Выбрать главу

Купюры в 200, 500 и 1000 рублей были разработаны еще в советское время — на них был нарисован Ленин и герб СССР. Купюру в 5 тысяч рублей делали уже с российской символикой — герба на ней не было вообще, зато была подпись Матюхина. Это единственная в постсоветской истории купюра с автографом главы Центробанка.

— Регулярно проводились совещания насчет новых денег. На одном из них я сказал, что не понимаю, почему мы не можем, как во всем мире, — там ведь, как правило, везде купюры выпускаются с двумя подписями. Глава Центробанка и главный казначей. Давайте, мол, и мы так же будем делать. Казначея у нас не было, поэтому расписался только я — и, надо сказать, не уследил. Во всем мире подписи стоят внизу купюры, а у нас сделали с краешку, на белом поле, где водяные знаки. За это меня тоже критиковали, хотя, по-моему, такой подход правильнее, чем анонимные деньги, за которые непонятно кто отвечает — то ли Большой театр, то ли Зимний дворец. Но Геращенко, когда вернулся, первым же решением изъял эту купюру из оборота. Даже не знаю, осталась ли она у меня. Вроде бы жена такие вещи собирала, надо бы у нее спросить.

V.

Купюра с автографом — это, впрочем, был уже прощальный поклон основателя российского Центробанка. Матюхин говорит, что был уверен в своей скорой отставке хотя бы потому, что у Бориса Ельцина была склонность «просто так», для видимости активной деятельности раз в несколько месяцев менять руководящие кадры. «Ему доставляло удовольствие, — говорит Матюхин, — вот так вот кулаками размахивать и басить: „А мы его уже сняли!“». Но, видимо, это уже такая аберрация памяти. Назначение и отставка председателя Центробанка — это была компетенция Верховного Совета, а Руслан Хасбулатов, несмотря ни на Ельцина, ни на депутатов, ни на прессу, достаточно долго покровительствовал Матюхину.

О прессе, между прочим, разговор особый. О Матюхине в газетах 1992 года писали крайне сурово. Вот, к примеру, заметка Александра Минкина «Недобитый Матюхин добивает Родину-мать» в «МК» от 3 апреля: «Промолчал парламент России. Им русским языком говорят: Родину — грабят. А они молчат. Не поняли? Оглохли? В любой стране, претендующей числиться демократической, у банкира и у спикера потребовали бы объяснений.

Ничего. Молчание — золото. Божья роса.

Такое ощущение, что хотят оттянуть развязку до каких-то очень крутых изменений в государственном положении. Таких крутых, что по радио и ТВ сплошное «Лебединое озеро»«.

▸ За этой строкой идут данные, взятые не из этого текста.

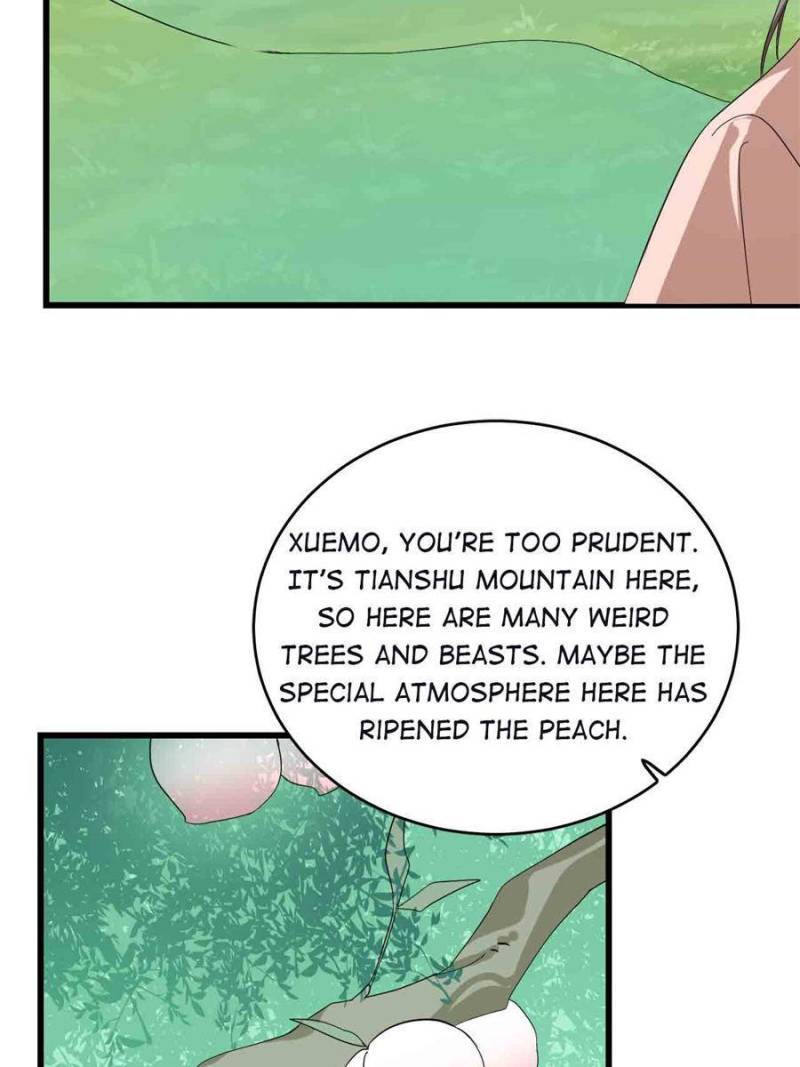 Queen of Posion: The Legend of a Super Agent, Doctor and Princess Chapter 308 - page 23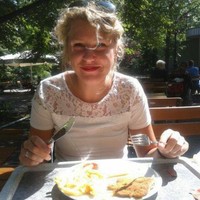Myrthe Doeve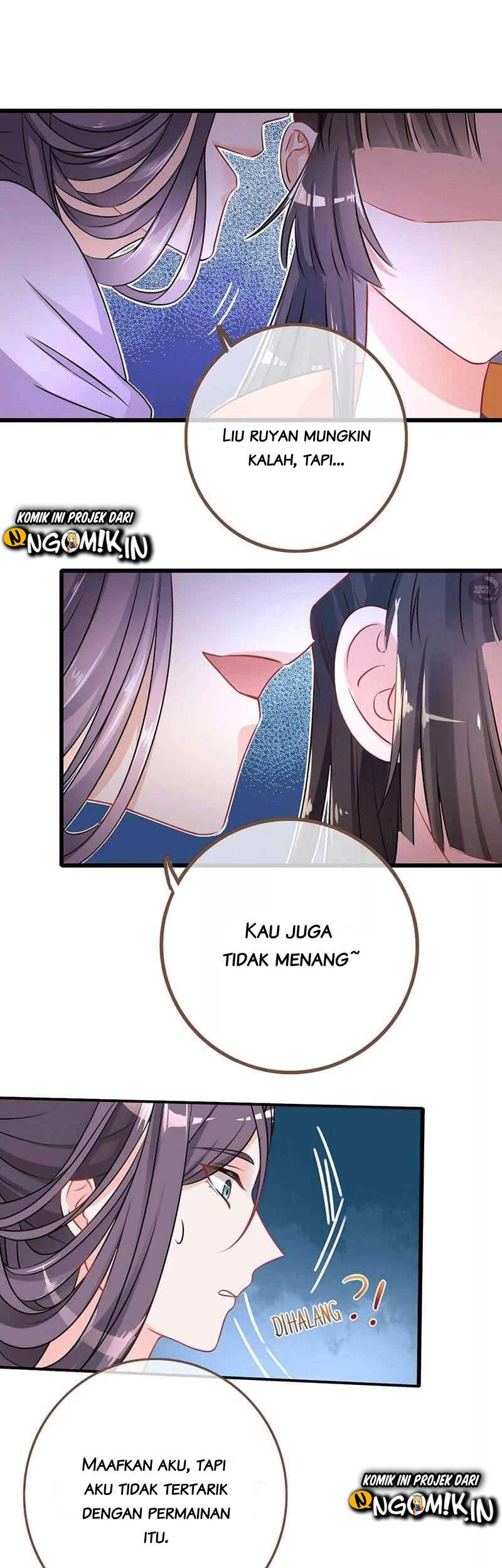 Cheating Men Must Die chapter 18 halaman 4
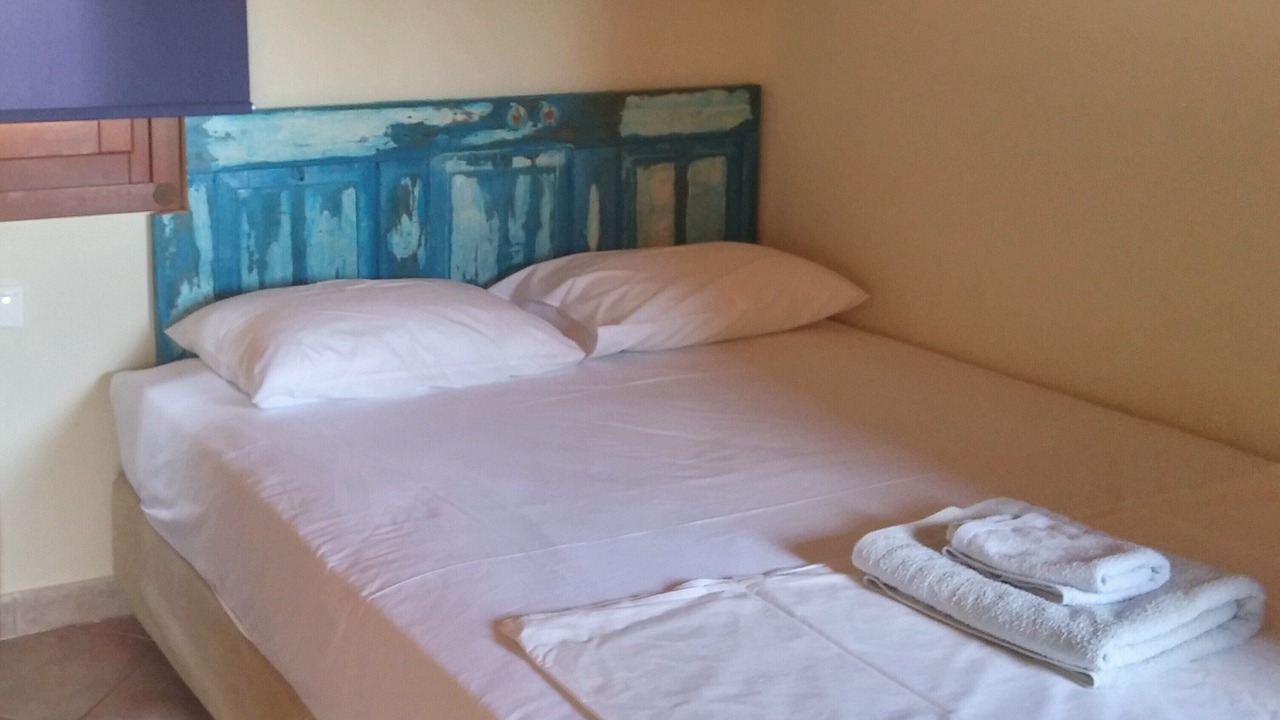 Photo of Bedroom in Zagora-Mouresi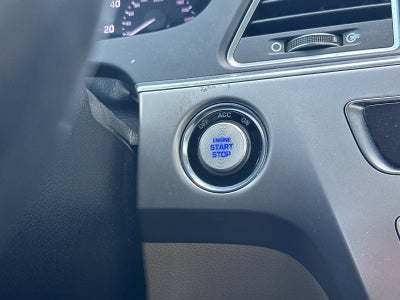 2016 Hyundai Sonata Hybrid Limited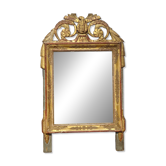 Miroir ancien Louis XVI
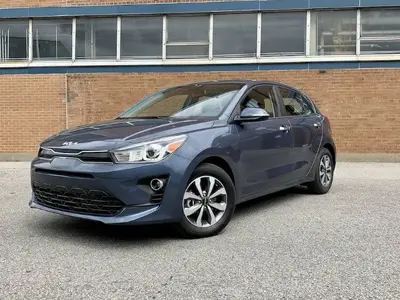 Kia RIO Essence 2022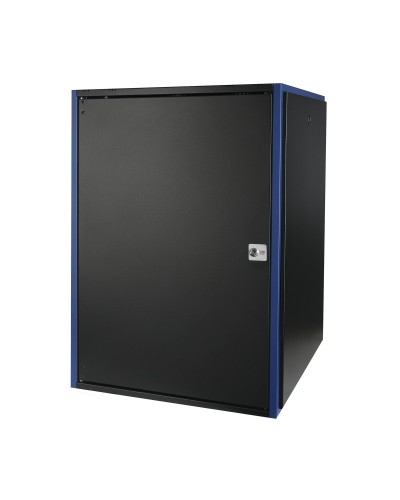 DR-610411. Шкаф телекоммуникационный 19 напольный 18U. Datarex в Санкт-Петербурге
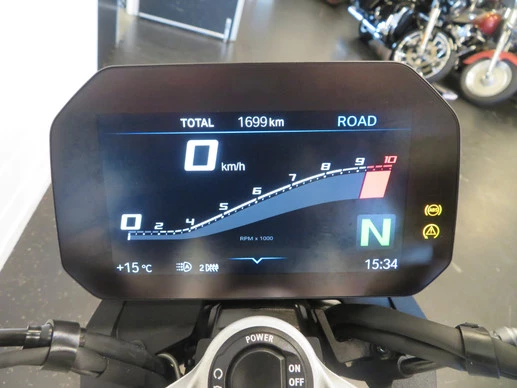 BMW F 900 R - Afbeelding 11 van 15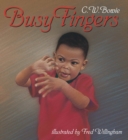 Busy Fingers - Book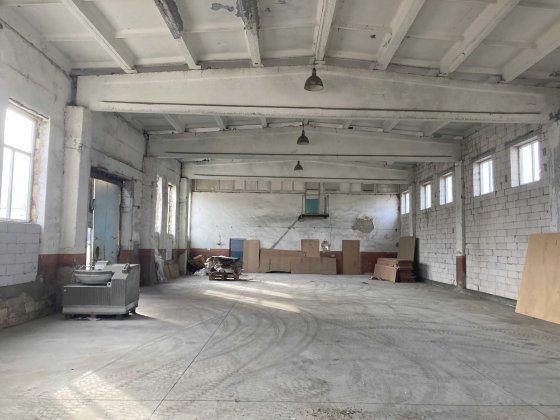 Здам складські приміщення у місті Вінниця. Вінниця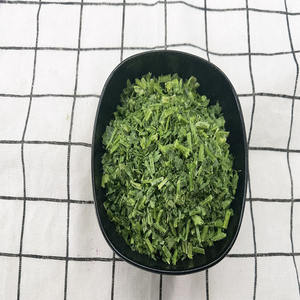 冷凍乾燥コリアンダー乾燥FD中国の食品工場は有機食品を手頃な価格で生産します - Product Image 3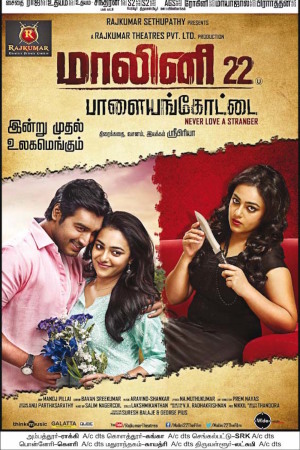 Malini 22 Palayamkottai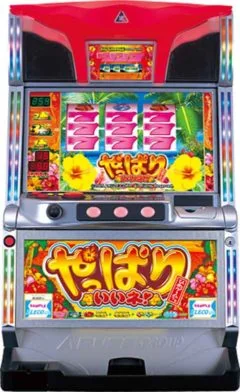 やっぱりいいネ! 筐体画像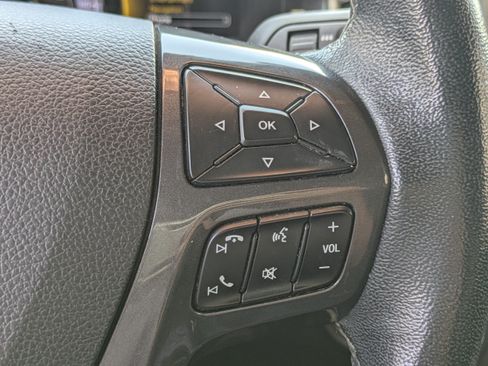 Used 2020 Ford Ranger Lariat w/ Technology Package RWD image 21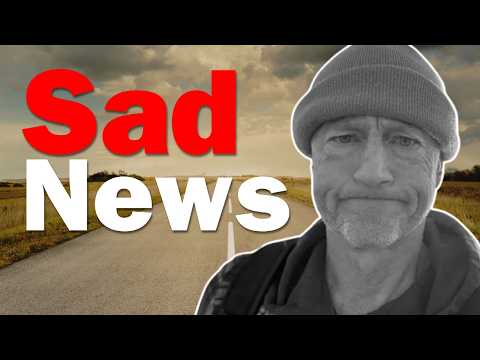 Death Of Retirement YouTuber Hits Hard & Close To Home
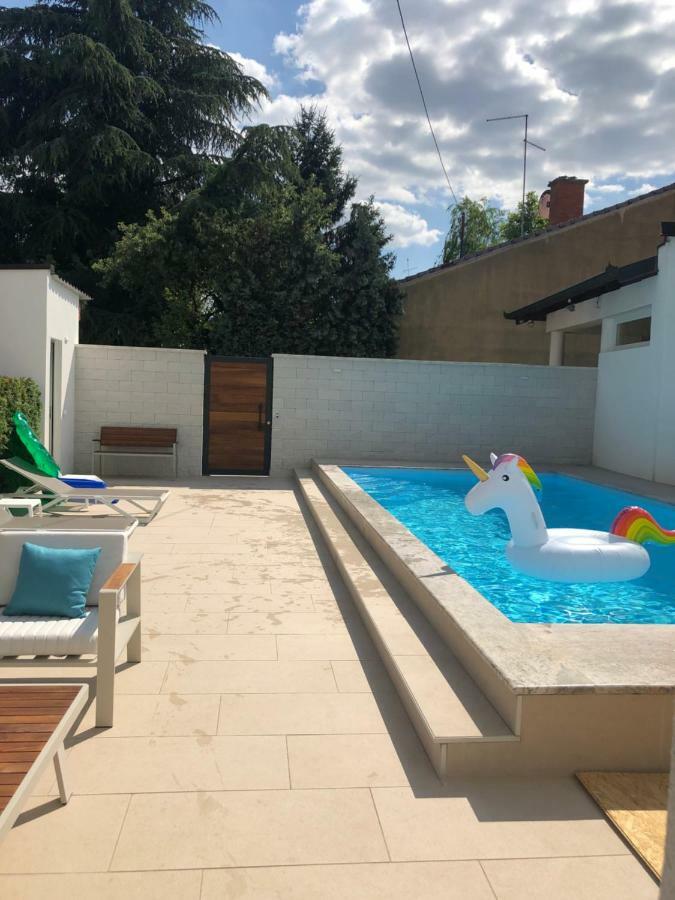 Ðakovo 2I Rooms מראה חיצוני תמונה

— Я вообще-то сам виноват, — говорит Матюхин. — В одном интервью сказал, что, мол, есть у нас банки, которые создавались не вполне честно — вот, например, «Менатеп». Ходорковский мне этого не простил. Я-то его сначала воспринимал как такого мальчика безобидного — придет на совещание, сядет в углу и записывает, слова не скажет. Но злопамятный. Подал на меня за это интервью в суд. Я говорю: хорошо, давайте судиться, у меня-то на вас материала много, пускай все узнают. Он тут же отозвал иск, а я получил возможность убедиться в его злопамятности. Начали меня через Минкина поливать.

VI.

О своей отставке Георгий Матюхин узнал, когда находился в Твери — проводил какое-то очередное совещание региональных банкиров. Позвонили из Верховного Совета, сказали, что нужно срочно заехать к Руслану Хасбулатову. Поехал. Кто переубедил Хасбулатова по поводу Матюхина — так до сих пор и не известно, но спикер сказал председателю Центробанка: «Есть мнение, что вам стоит оставить свою должность».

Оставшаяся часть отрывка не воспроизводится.